[[ GIVEN RECORDS open ]]

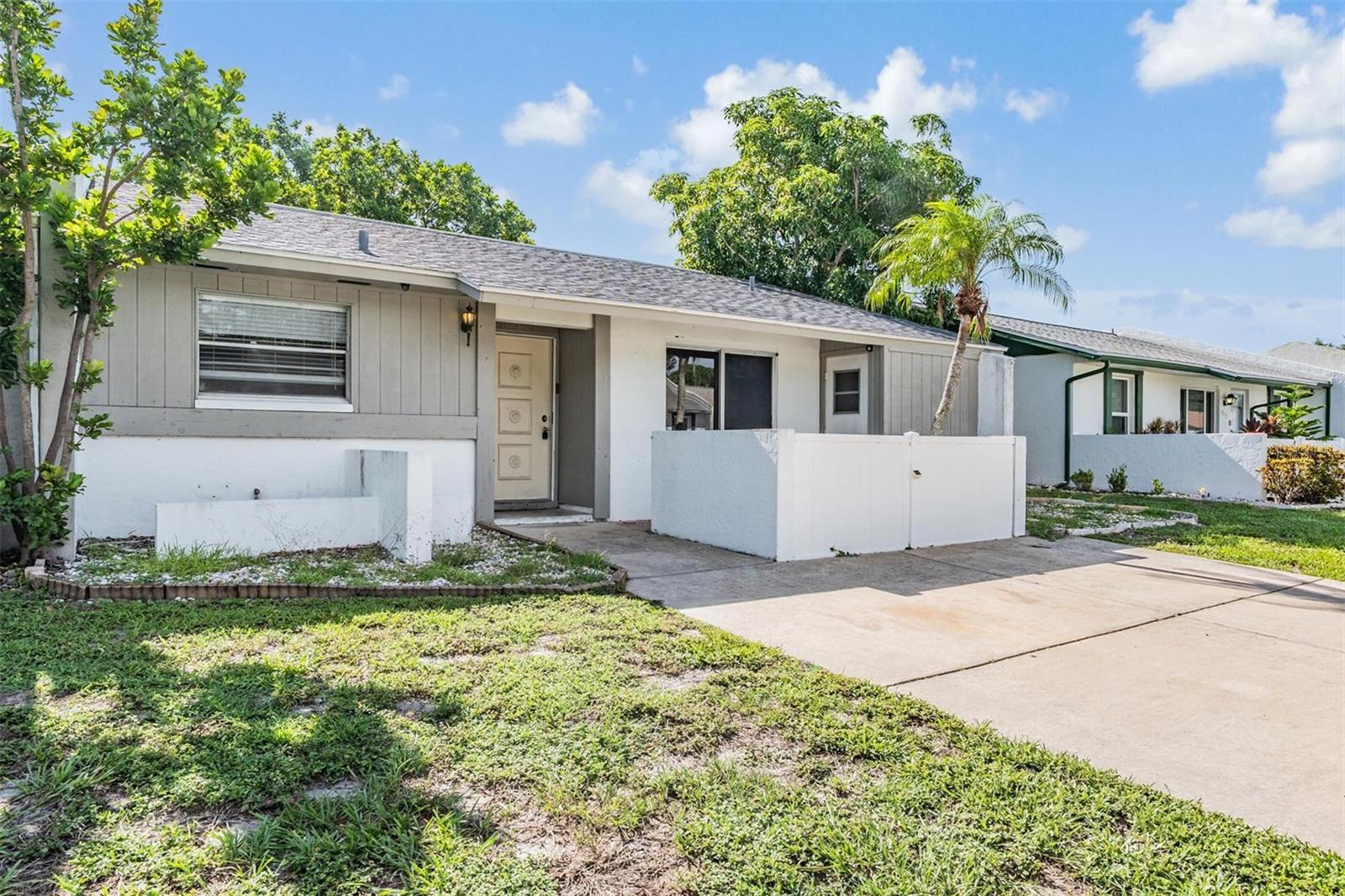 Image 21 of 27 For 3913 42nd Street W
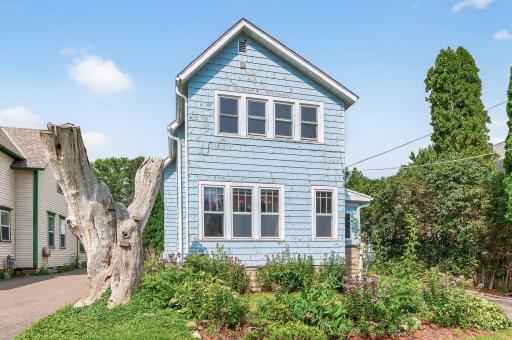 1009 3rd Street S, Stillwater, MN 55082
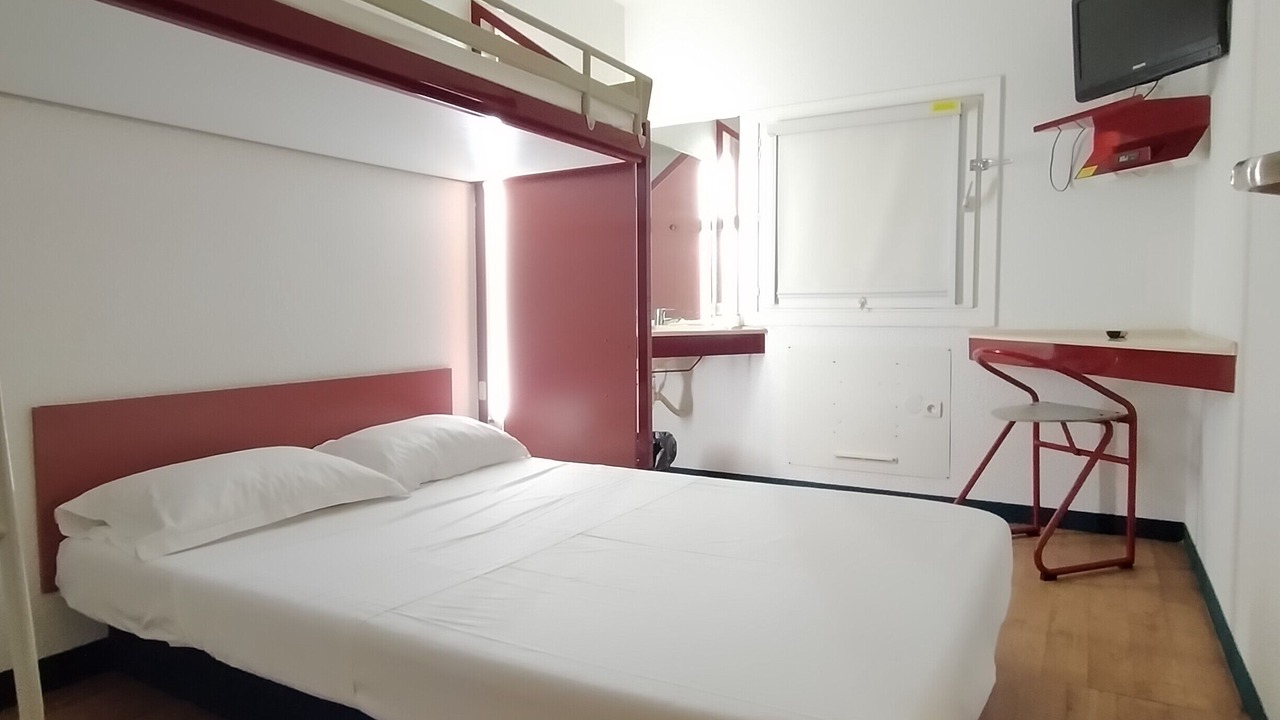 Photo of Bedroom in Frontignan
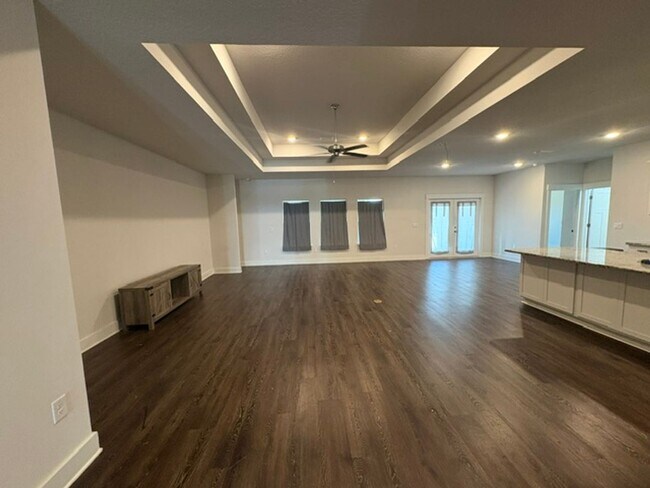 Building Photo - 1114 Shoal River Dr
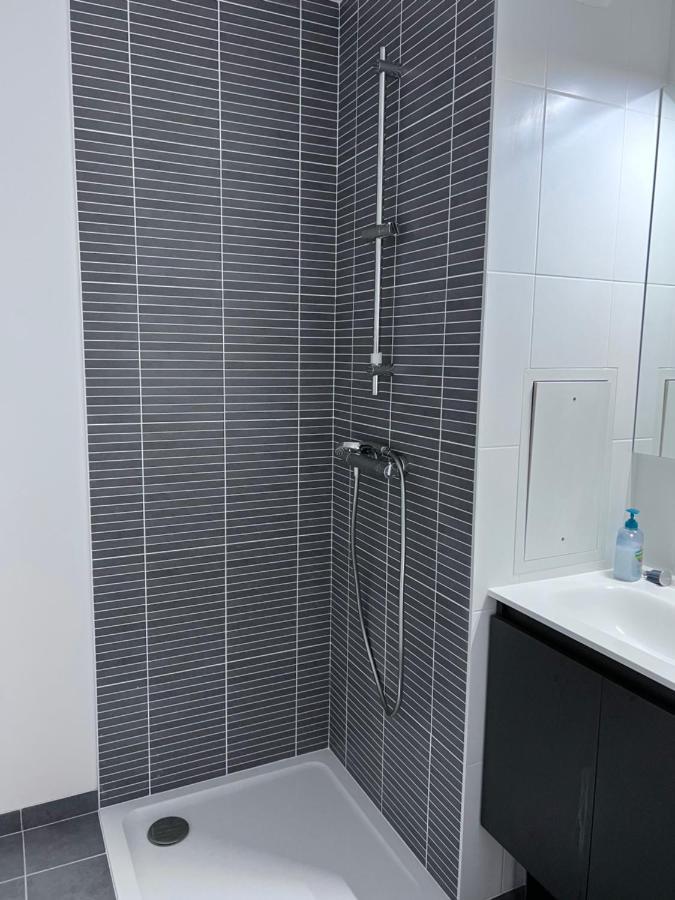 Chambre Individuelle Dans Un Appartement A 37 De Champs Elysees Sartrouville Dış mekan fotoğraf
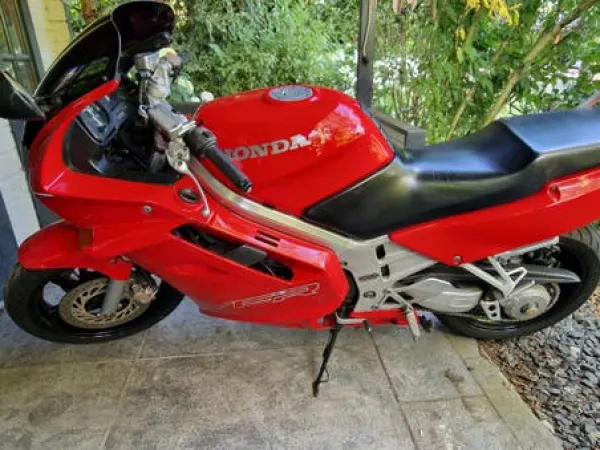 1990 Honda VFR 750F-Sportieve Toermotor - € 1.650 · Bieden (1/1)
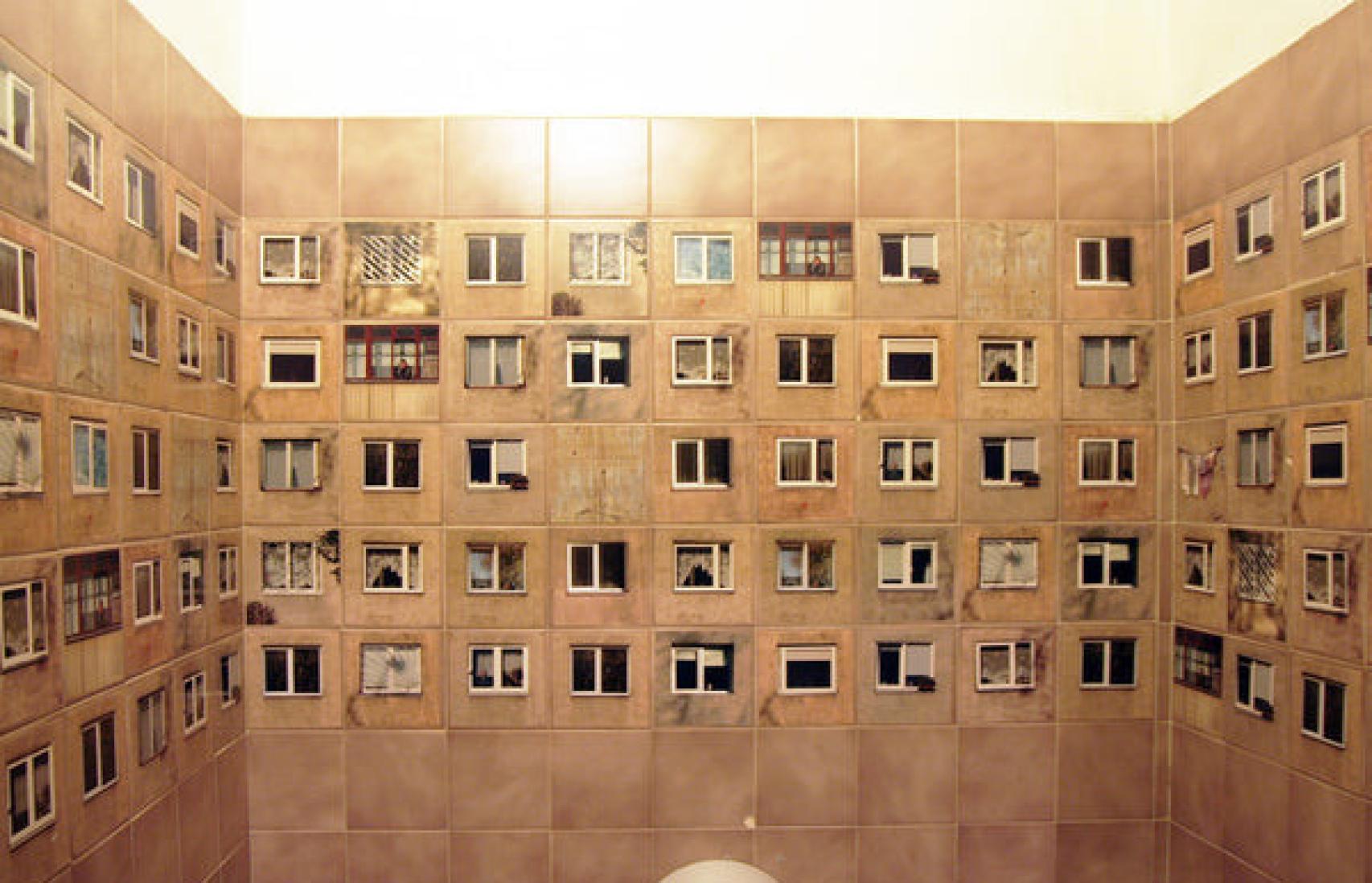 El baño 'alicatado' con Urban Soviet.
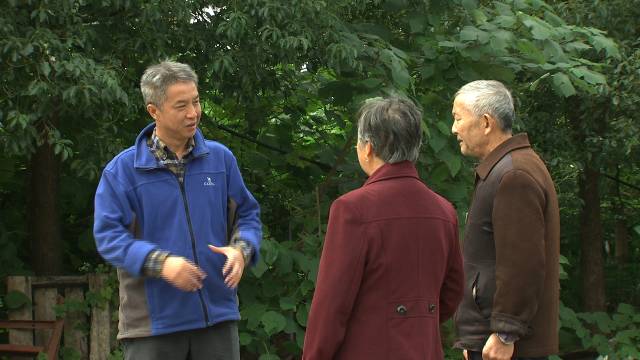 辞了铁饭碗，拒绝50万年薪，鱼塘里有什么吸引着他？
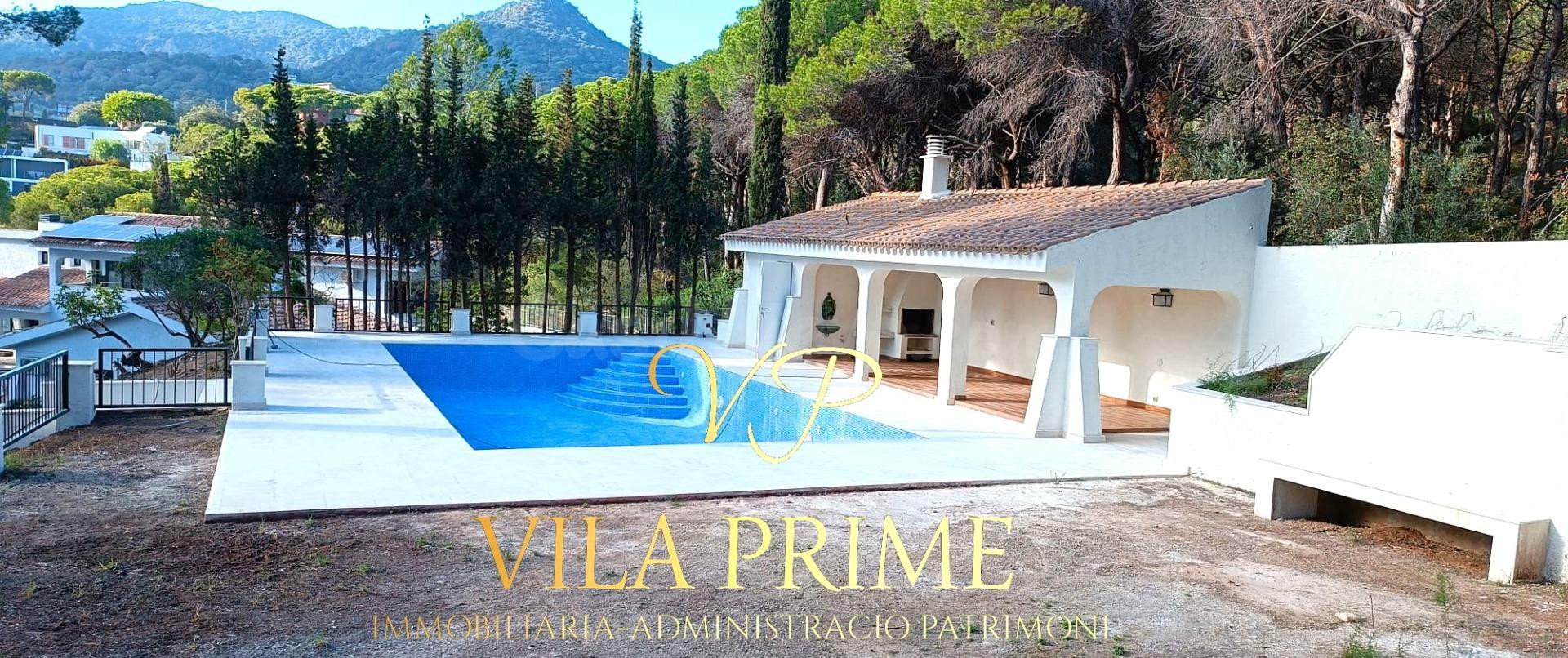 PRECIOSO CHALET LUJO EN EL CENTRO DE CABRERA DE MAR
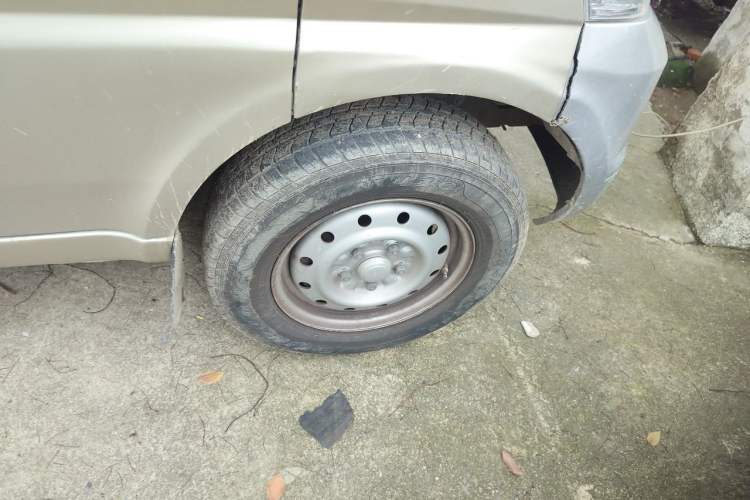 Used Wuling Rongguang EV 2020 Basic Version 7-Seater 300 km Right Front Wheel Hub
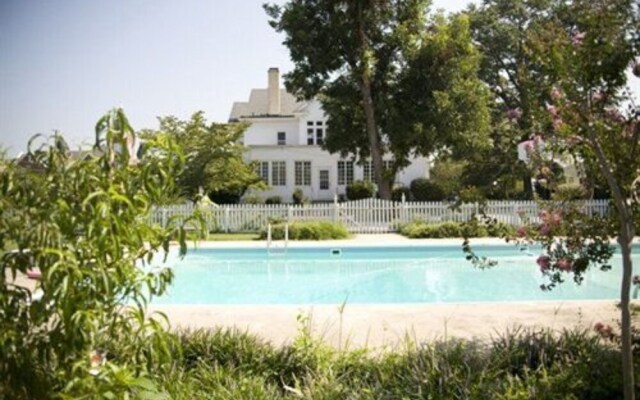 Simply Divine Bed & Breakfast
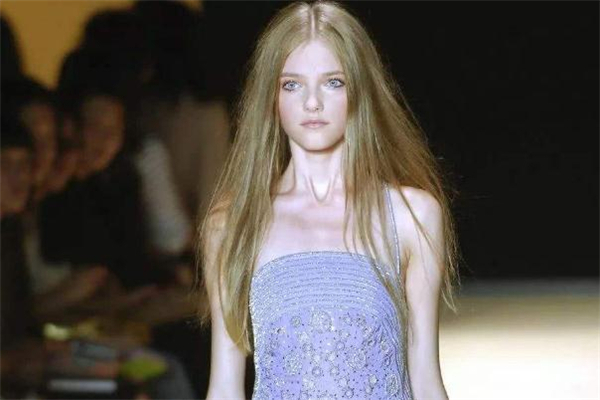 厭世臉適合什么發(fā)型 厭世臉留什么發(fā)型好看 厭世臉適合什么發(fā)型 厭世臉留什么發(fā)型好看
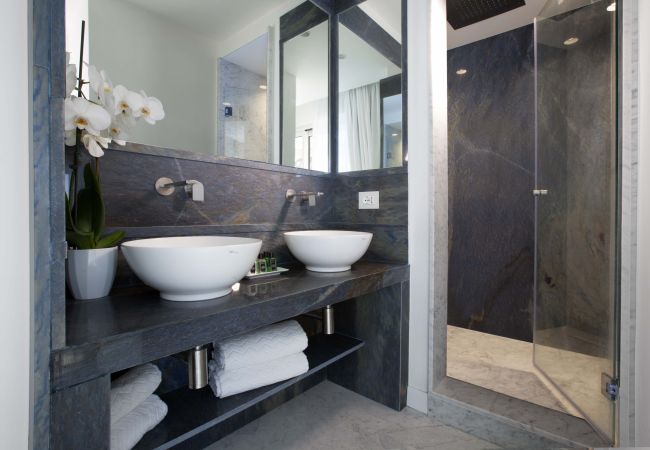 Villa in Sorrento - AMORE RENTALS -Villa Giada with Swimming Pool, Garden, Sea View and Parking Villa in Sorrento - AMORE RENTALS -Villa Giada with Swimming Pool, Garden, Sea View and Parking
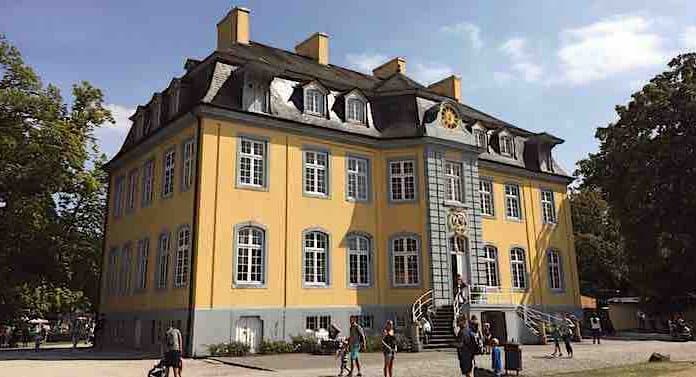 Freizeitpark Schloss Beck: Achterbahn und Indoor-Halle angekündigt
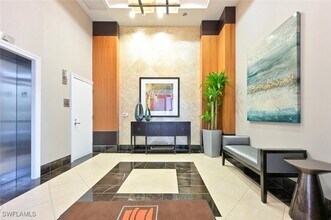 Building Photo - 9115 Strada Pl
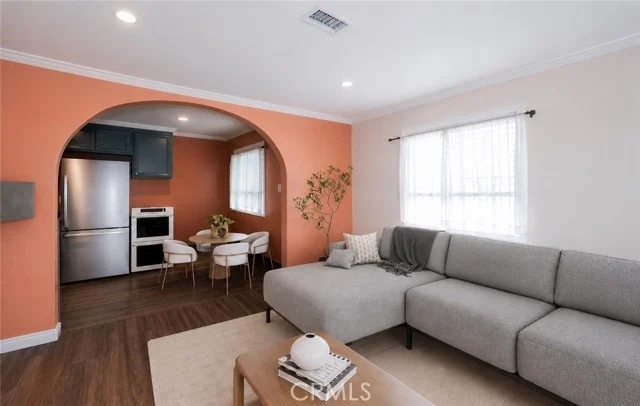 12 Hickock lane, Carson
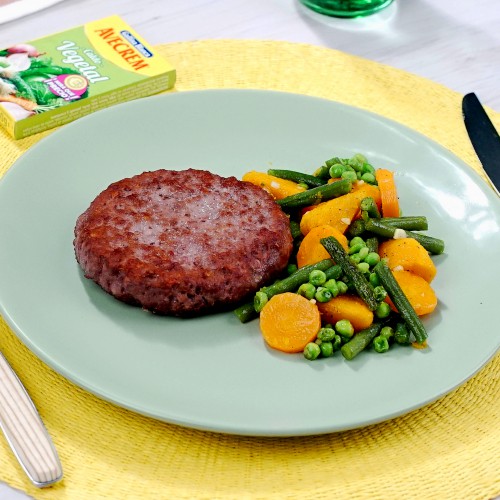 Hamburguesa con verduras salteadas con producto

[[ GIVEN RECORDS closed ]]

EXERCISE DETAILS ▸ Please print the lines above exactly, beginning at the first line of the entries and ending at the line holding "Chambre Individuelle Dans", and leave the pictures out.

ANSWER TO THIS TASK ▸
 Image 21 of 27 For 3913 42nd Street W
 1009 3rd Street S, Stillwater, MN 55082
 Photo of Bedroom in Frontignan
 Building Photo - 1114 Shoal River Dr
 Chambre Individuelle Dans Un Appartement A 37 De Champs Elysees Sartrouville Dış mekan fotoğraf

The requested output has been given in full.